俩孩子终于睡沉,儿童房的门轻轻合上,客厅里只剩暖黄小灯晕着光,连呼吸声都放得轻缓。刘宇宁窝在沙发最角落,长腿委屈地蜷着,平日里总是挺直的肩背垮下来,垂着眼摆弄指尖,耳尖一直泛着淡粉,半点没有舞台上唱跳时的飒爽气场,活脱脱一只被全家“冷落”、耷拉着耳朵的大金毛,连头发丝都透着蔫蔫的委屈。
赵敏放轻脚步走过来,没出声打扰,只是挨着他坐下,指尖轻轻碰了碰他的手背。他身子微微一僵,下意识抬眼,眼底还蒙着一层淡淡的低落,长睫颤了颤,刚对上她的目光,又有点不好意思地别开,耳尖的粉色却更浓了,连脖颈都漫上一点浅红。
“还在跟孩子们置气呀?”赵敏声音放得极柔,是从不会在外人面前展露的软糯宠溺,她微微倾身,伸手帮他把垂在额前的碎发别到耳后,指尖轻轻蹭过他泛红的耳尖。
刘宇宁喉结轻轻滚了滚,没好意思说自己是真委屈,只是闷闷地哼了一声,身子却不受控制地往她那边靠,动作带着点笨拙的小心翼翼,不敢太黏人,却又忍不住想靠近。他一米八八的大个子,缩在她身侧,显得格外乖巧温顺,全然没了平日里的嘴硬,连委屈都藏着几分害羞。
赵敏看他这副别扭又软萌的样子,心头软得一塌糊涂,索性主动往他身边凑了凑,伸手轻轻环住他的腰。感受到她的温度,刘宇宁再也绷不住,慢慢抬起胳膊,小心翼翼地圈住她的后背,力道很轻,生怕惊扰到她,然后慢慢把脑袋埋进她的颈窝,脸颊轻轻蹭了蹭她的肩窝,像只寻求安抚的大狗狗,软乎乎的,带着满满的依赖。
“别委屈啦,”赵敏轻轻拍着他的后背,指尖顺着他的发丝慢慢梳理,温柔又耐心,“昭昭总跟我说,爸爸唱歌最好听,安安也总跟小朋友炫耀,自己有个超厉害的明星爸爸,他们只是年纪小,黏我惯了,心里最崇拜的人是你。

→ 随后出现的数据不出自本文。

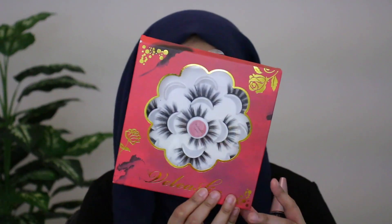I'm going to put on some eyelashes and mascara off camera and I'll be right back. The lashes I used are the Veleasha Faux Mink Lashes that I got from Amazon, and for mascara I used the Maybelline Lash Sensational.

”
他埋在她颈间,呼吸着她身上淡淡的清香,紧绷的身子彻底放松下来,手臂慢慢收紧,把她轻轻搂在怀里,整个人都紧紧贴着她,额头抵着她的侧颈,鼻尖轻轻蹭着她的肌肤,带着点撒娇的意味,声音闷哑又软:“可他们都只找你,我在家排最后一名……”
说着,耳尖更红了,有点不好意思说自己吃孩子的醋,却还是忍不住把脸埋得更深,黏着她不肯松开。他从不在外人面前展露半分脆弱,更不会撒娇黏人,唯独在赵敏面前,所有的伪装都卸下,委屈、害羞、依赖,全都毫无保留地展露出来。
赵敏轻笑一声,凑到他耳边,声音轻得只有两人能听见,带着独有的宠溺:“在我这儿,你永远是第一,比昭昭、安安都靠前,谁都比不了。”

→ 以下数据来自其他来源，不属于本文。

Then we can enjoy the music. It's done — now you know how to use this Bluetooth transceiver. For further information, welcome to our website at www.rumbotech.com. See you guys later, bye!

她轻轻捏了捏他泛红的耳尖,他身子微微一颤,更紧地贴着她,嘴角微微抿着,眼底的委屈渐渐散了,只剩满心的安稳与暖意。他不说话,就安安静静黏着她,脸颊蹭着她的颈侧,像个得到专属糖果的孩子,乖巧又软萌,连平日里的小别扭都消失得无影无踪。
赵敏就这么任由他抱着,任由他黏糊糊地贴在自己身上,轻轻哼着他唱过的温柔小调,指尖一遍遍安抚着他。暖光相拥,这一刻,他不是万众瞩目的刘宇宁,只是赵敏怀里,会委屈、会害羞、会黏人,被温柔妥帖哄着的普通人,所有的破防与不安,都在这一场专属的贴贴里,被彻底抚平!